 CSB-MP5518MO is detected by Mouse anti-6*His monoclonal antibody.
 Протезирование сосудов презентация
* * *
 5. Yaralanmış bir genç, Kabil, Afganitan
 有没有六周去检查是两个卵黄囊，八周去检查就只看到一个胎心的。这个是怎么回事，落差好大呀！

Exercise requirements:
Everything starting at the line containing "CSB-MP5518MO is detected" and ending at the line containing "Протезирование сосудов презентация" in the records above should be repeated exactly, and only that.

Task answer:
 CSB-MP5518MO is detected by Mouse anti-6*His monoclonal antibody.
 Протезирование сосудов презентация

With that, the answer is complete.